Recentemente, diante da escalada de violência em São Paulo, o governador Mário Covas afirmava que a polícia paulista, com 120 mil homens -75 mil policiais militares e 45 mil policiais civis-, atende aos mínimos exigidos por uma polícia moderna, como a inglesa, de um policial por 300 pessoas.
Mas se esqueceu o ilustre homem público de que o efetivo é uma coisa e policial na rua, outra bem diferente. Ora, os policiais cumprem tarefas diárias que vão de seis a oito horas de carga horária em cada período de 24 horas.
Nesse universo existem aqueles que prestam serviços burocráticos, que se encontram fazendo a guarda de presídios ou na fiscalização do trânsito, que estão no gozo de licenças ou, ainda, em outras funções. Desse modo o número de policiais nas ruas cai vertiginosamente para não mais de 10 ou 12 mil homens em atividades de policiamento ostensivo-preventivo.

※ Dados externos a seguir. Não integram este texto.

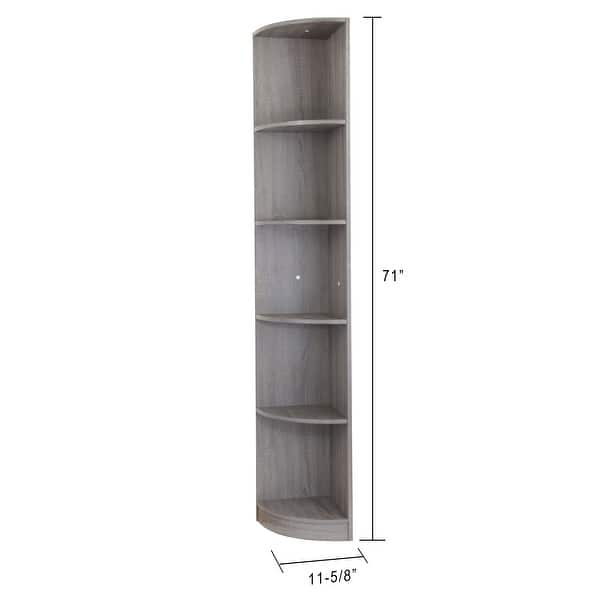 dimension image slide 3 of 5, Q-Max 5-tier Wood Display Corner Bookcase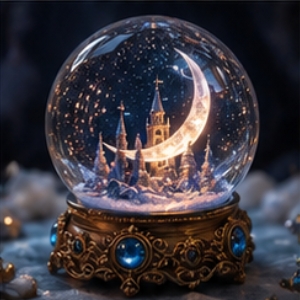 Moon Castle Snow Globe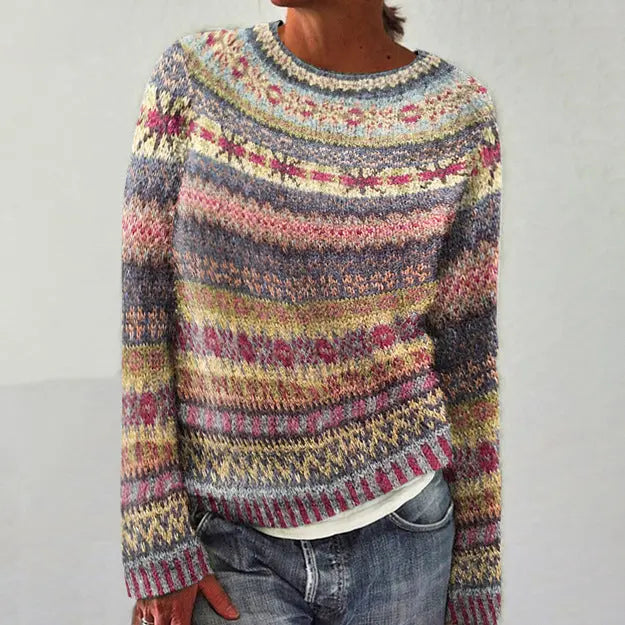 Women's Printed Wear Crew Neck Casual Sweater hercurva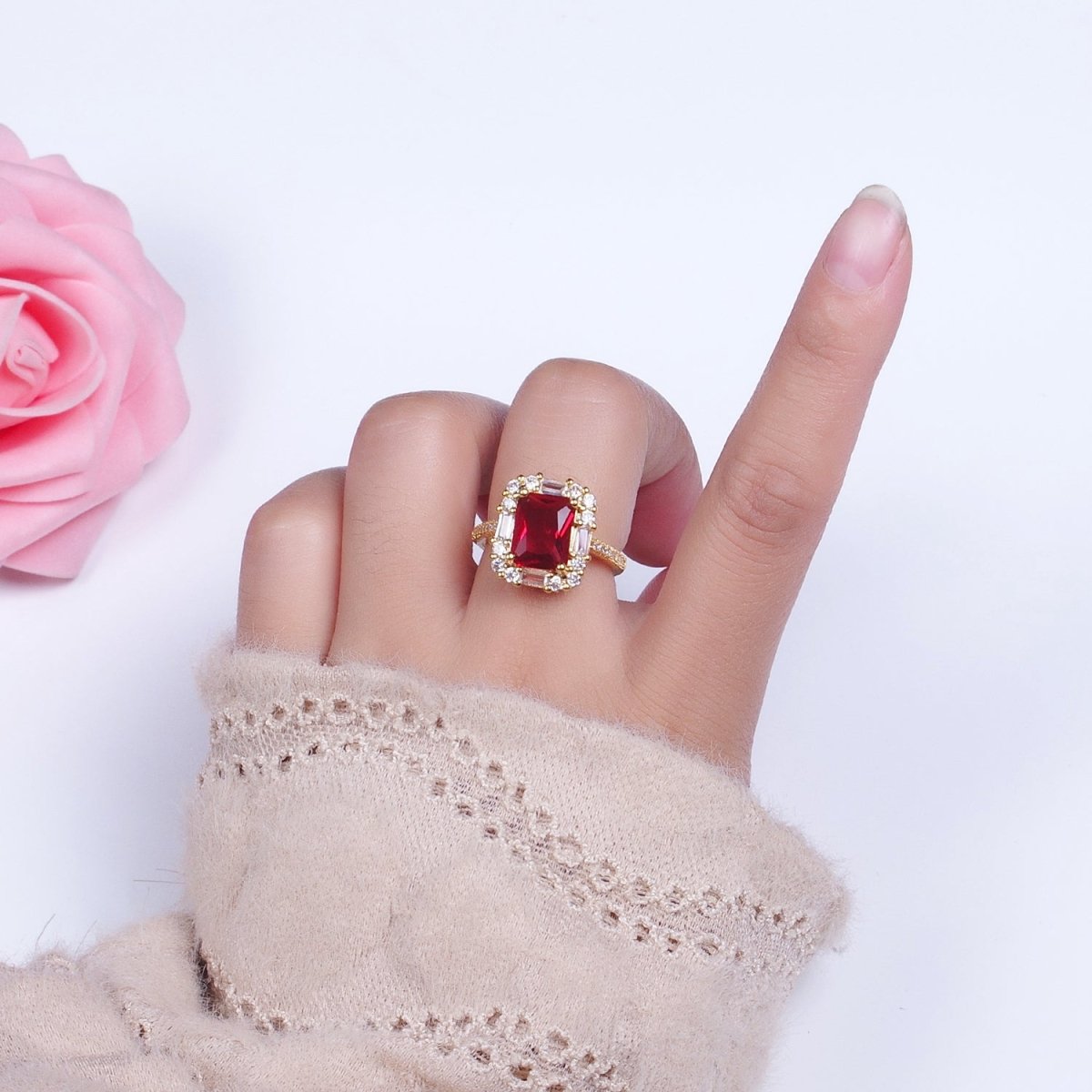 Gold Filled Teal, Red, Clear Baguette CZ Solitaire Micro Paved Band Ring | O-161 O-162 O-163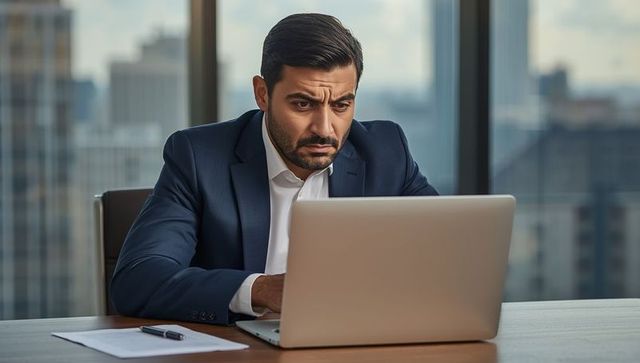 Focused Businessman Using Laptop in Corporate Office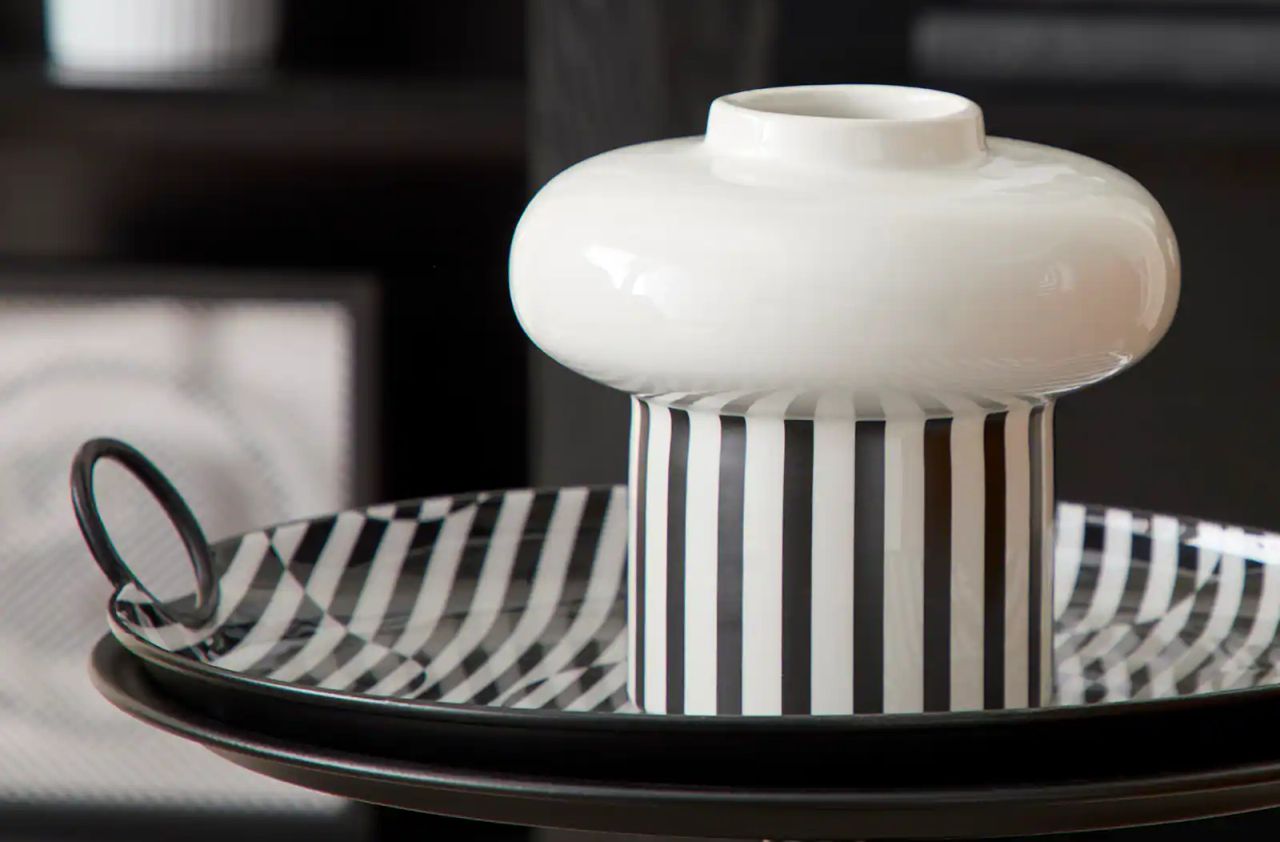 Black & White Striped Ceramic Pot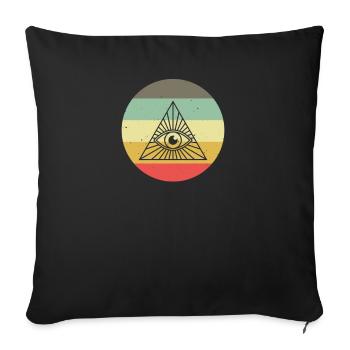 Maçon franc-maçon Illuminati - Housse de coussin décorative 45 x 45 cm - noir - Devant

Note-se que a Polícia Civil não tem atribuições nas ruas. Assim, estamos muito aquém das médias consideradas razoáveis nas polícias de países desenvolvidos para o policiamento preventivo: um policial para mais de 3.000 pessoas. Aliás, tenha-se em consideração que, se na Inglaterra o ótimo é ter um policial para 300 pessoas, num país subdesenvolvido como o nosso esse ótimo deve ser, pelo menos, de um policial para cada cem pessoas.
A questão, porém, não é apenas de efetivo, pois se eles forem aumentados, dada a vocação da polícia para a violência, correríamos o risco de, em vez de diminuirmos, aumentarmos os índices de violência.
O problema a ser enfrentado é o da reestruturação das polícias, para que o policial esteja permanentemente na comunidade, visitando residências, casas comerciais, indústrias, escolas, procurando detectar as áreas de atrito, para atuar em consequência.
Com a dicotomia existente, com o desperdício de recursos, com a duplicidade de comando e com esse mesmo comando dividido entre Estado e União, não teremos a polícia para o povo, que é um dos fundamentos do Estado de Direito democrático.
A onda de violência precisa e pode ser contida se o Estado quiser realmente adotar políticas públicas que atendam às necessidades básicas da sociedade: educação, saúde e, na conjuntura atual, sobretudo, emprego e segurança.